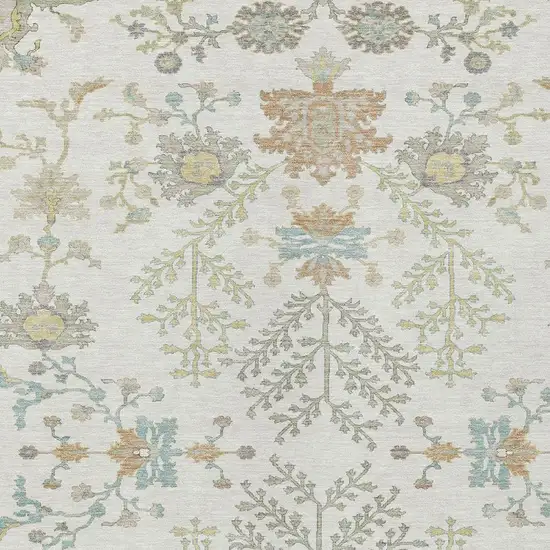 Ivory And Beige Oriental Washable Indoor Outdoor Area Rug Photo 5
==
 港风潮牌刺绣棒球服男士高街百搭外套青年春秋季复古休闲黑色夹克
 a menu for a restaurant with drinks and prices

• [TO DO]: Produce only the lines from the line containing "港风潮牌刺绣棒球服男士高街百搭外套青年春秋季复古休闲黑色夹克" through the line containing "a menu for a", inclusive of both, exactly as they stand in the entries above.

• [OUTPUT]:
 港风潮牌刺绣棒球服男士高街百搭外套青年春秋季复古休闲黑色夹克
 a menu for a restaurant with drinks and prices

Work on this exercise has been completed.